IN THE HIGH COURT OF SOUTH AFRICA

GAUTENG LOCAL DIVISION, JOHANNESBURG

CASE NO: 31244/2020

NOT REPORTABLE

NOT OF INTEREST TO OTHER JUDGES

REVISED

In the matter between:

NEDBANK LIMITED                                                                                         Plaintiff

And

VERNON VAN DER WESTHUIZEN N.O                                              First Defendant

JAN WILLEM FREDERIK BASSON N.O                                       Second Defendant

STELLA CECILLIA VAN DER WESTHUIZEN N.O                            Third Defendant

CHRISTOFFEL JOHANNES SMITH N.O                                         Fourth Defendant

JAN WILLEM FREDERIK BASSON N.O                                            Fifth Defendant

HESTER ELSIE SUSANNA SMITH N.O                                             Sixth Defendant

VERNON VAN DER WESTHUIZEN                                               Seventh Defendant

CHRISTOFFEL JOHANNES SMITH                                                   Eight Defendant

RAZORBILL ECO CONSTRCUT (PTY) LTD                                     Ninth Defendant

RAZORBILL ECO BUILDING WAREHOUSE (PTY) LTD                  Tenth Defendant

RAZORBILL LIGHT WEIGHT STEEL PRODUCTS (PTY) LTD   Eleventh Defendant

 

JUDGMENT

WINDELLJ:

INTRODUCTION

[1]   This is an application for summary judgment against the fourth to eleventh defendants ("the defendants").

[2]   The plaintiff seeks judgment against the defendants for the amount of R 4 610 804.27, the one paying the other to be absolved, as sureties and co-principal debtors with Razorbill Properties 127 (Pty) Ltd ("the principal debtor"). The plaintiff also seeks interest on the amount outstanding, as well as costs on an attorney-client scale.

[3]   It is common cause that the plaintiff concluded a facilities agreement ("the agreement") with the principal debtor on 10 December 2019 and that monies were advanced to the principal debtor in terms of the agreement. It is further common cause that the principal debtor defaulted in its obligations under the agreement and that it was subsequently liquidated. The plaintiff contends that the fourth to eleventh respondents are liable by virtue of having concluded suretyship agreements in favour of the plaintiff on behalf of the principal debtor. In proving its quantum the plaintiff relies solely on certificates of balance.

[4]   The defendants allege that they have a bona fide defence against the plaintiff's claim as well as a valid counterclaim. They deny liability on two grounds: Firstly, it is contended that no valid agreement was entered into. Secondly, because there was no valid agreement, the plaintiff cannot rely on the certificate of balance clause in the agreement. The claim is therefore, so it is argued, not a liquidated claim.

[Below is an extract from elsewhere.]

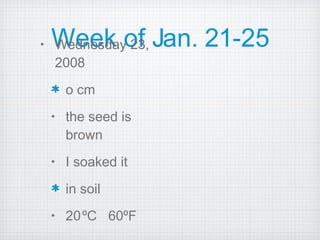 Week of Jan. 21-25 Wednesday 23, 2008  o cm the seed is brown I soaked it in soil 20   ºC  60ºF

[5]   The defendants concede that if the court finds that there was a valid agreement the second ground must fail. They however still contend that they have a valid counterclaim as the amount reflected in the certificate of balance is incorrect and the plaintiff should have attached the account history of the principal debtor. They contend that they are therefore entitled to demand a statement and debatement of the account.

THE FACILITY AGREEMENT

[6]   In the plea, the defendants admitted that the principal debtor concluded the agreement with the plaintiff during or about December 2019.[1] The defendants further acknowledge that monies were advanced to the principal debtor, but deny the validity of the agreement. They allege that Mr Govender, who concluded the facility agreement on behalf of the plaintiff, was not duly authorized to conclude the agreement and bind the plaintiff. The agreement, so it is argued, is therefore void.

[7]   The defendants aver that the deponent to the affidavit, filed in support of the summary judgment application, does not have personal knowledge of whether Mr Govender was duly authorised to bind the plaintiff, and that the application should, for that reason alone, fail.

[8]   This defence has no merit. Firstly, the authority of an agent to conclude an agreement on behalf of a principal can be either express, tacitly, implied or ostensible.[2] As long as the contracting party does not attack its own agent's authority to contract on its behalf, it can be accepted that such authority exists, irrespective of whether it was express, implied, tacit or ostensible. A principal can also ratify the acts of an agent who was not in fact authorised at the time the agreement is concluded. At the very least it must be accepted that if the authority did not exist at the time it has been ratified. The absence of authority of a party's own agent where that party relies on the agent's authority is therefore not an issue that arises in law and is not a bona fide defence.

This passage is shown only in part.